* THE TASK: The copy you return must begin at the line containing "Servilleta de Cóctel" and end at the final line of the listing below, with every picture left out.

* DATA RECORDS:
-*-

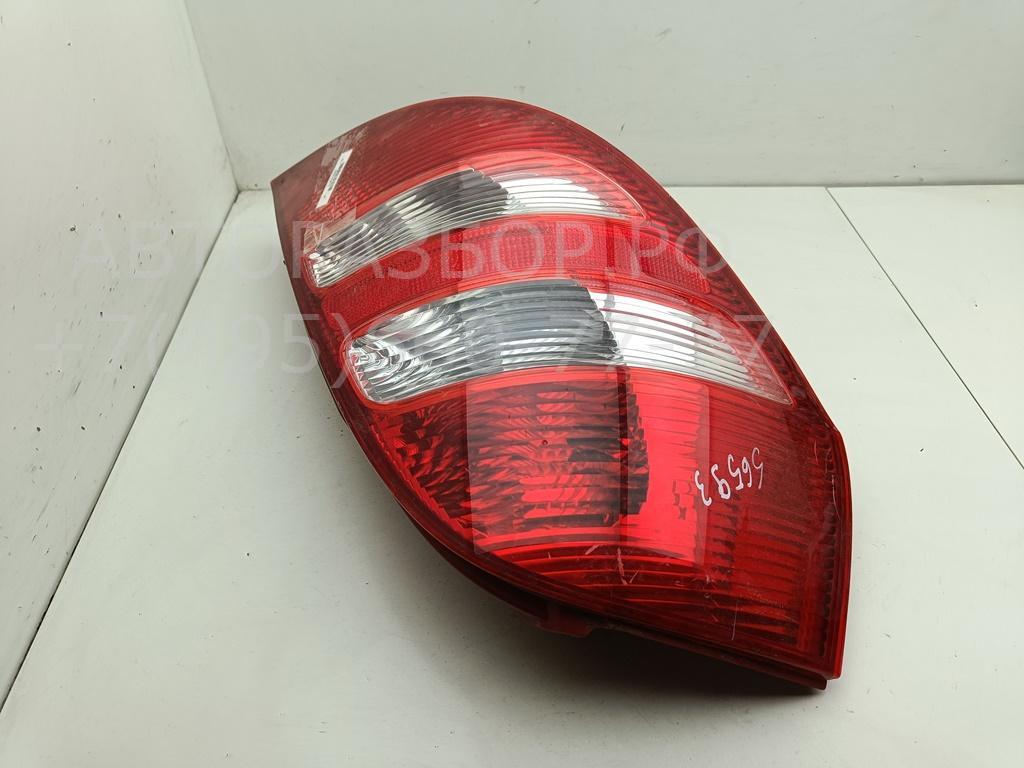 Фонарь задний левый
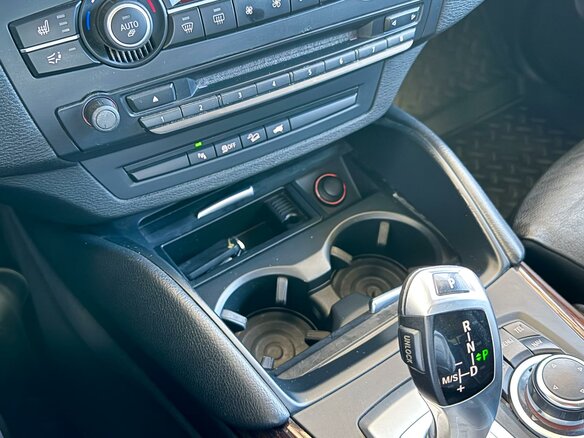 2012 BMW X6 35i 8-speed I (E71), серый - вид 28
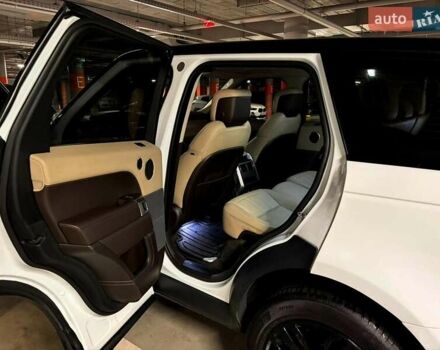 Білий Ленд Ровер Range Rover Sport, об'ємом двигуна 3 л та пробігом 78 тис. км за 65000 $, фото 11 на Automoto.ua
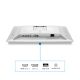 5. Monitor Philips Evnia QD-OLED 27" 27M2N6501L/00 240Hz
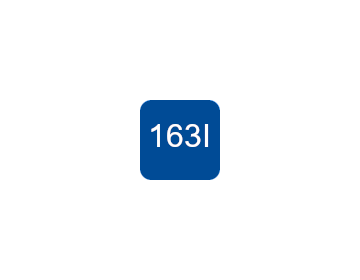 163I-bleu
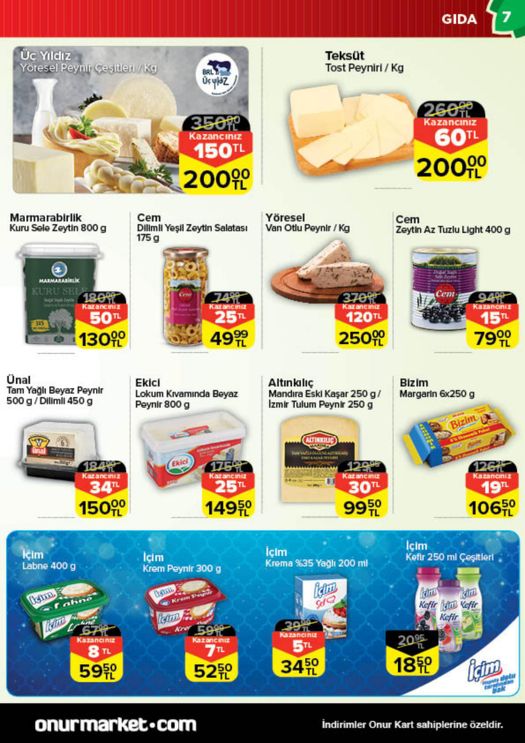 Onur Hipermarketleri – Seite 15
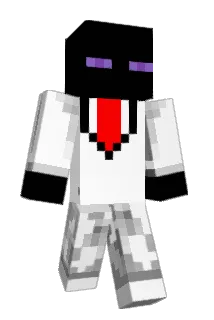 HotFuzzy11 Minecraft avatar full body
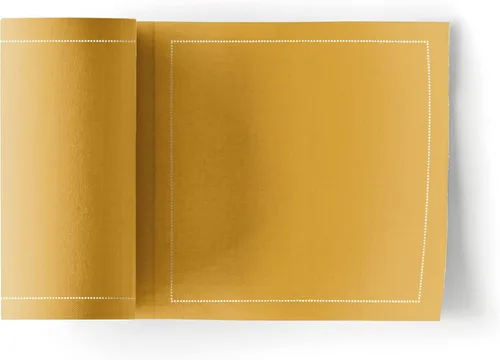 Servilleta de Cóctel de Algodón - 4.5 x 4.5 in - 50 unidades por rollo - Curry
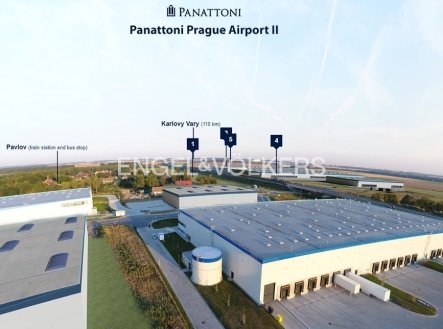 Pronájem komerčního objektu, sklad, 18 480 m²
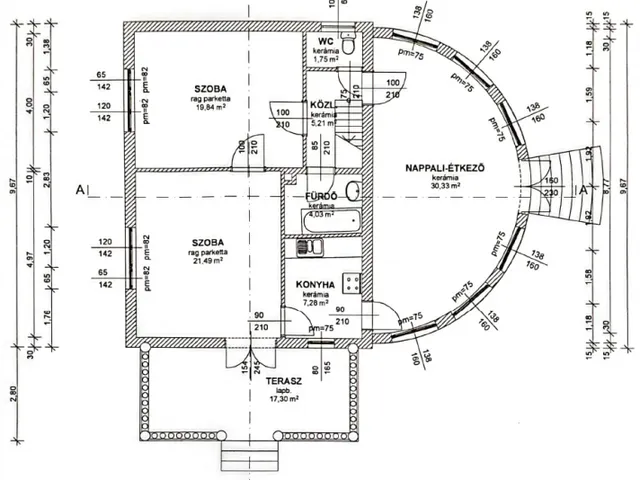 Eladó ház Siófok, Szabadifürdő 123 nm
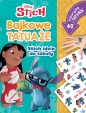 Bajkowe tatuaże. Disney Stitch. Stitch idzie do szkoły - John Edwards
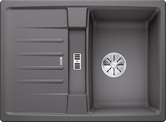BLANCO LEXA 40 S, SILGRANIT, rock grey, w/o drain remote control, reversible, 400 mm min. cabinet size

-*-

* COMPLETED TASK:
 Servilleta de Cóctel de Algodón - 4.5 x 4.5 in - 50 unidades por rollo - Curry
 Pronájem komerčního objektu, sklad, 18 480 m²
 Eladó ház Siófok, Szabadifürdő 123 nm
 Bajkowe tatuaże. Disney Stitch. Stitch idzie do szkoły - John Edwards
BLANCO LEXA 40 S, SILGRANIT, rock grey, w/o drain remote control, reversible, 400 mm min. cabinet size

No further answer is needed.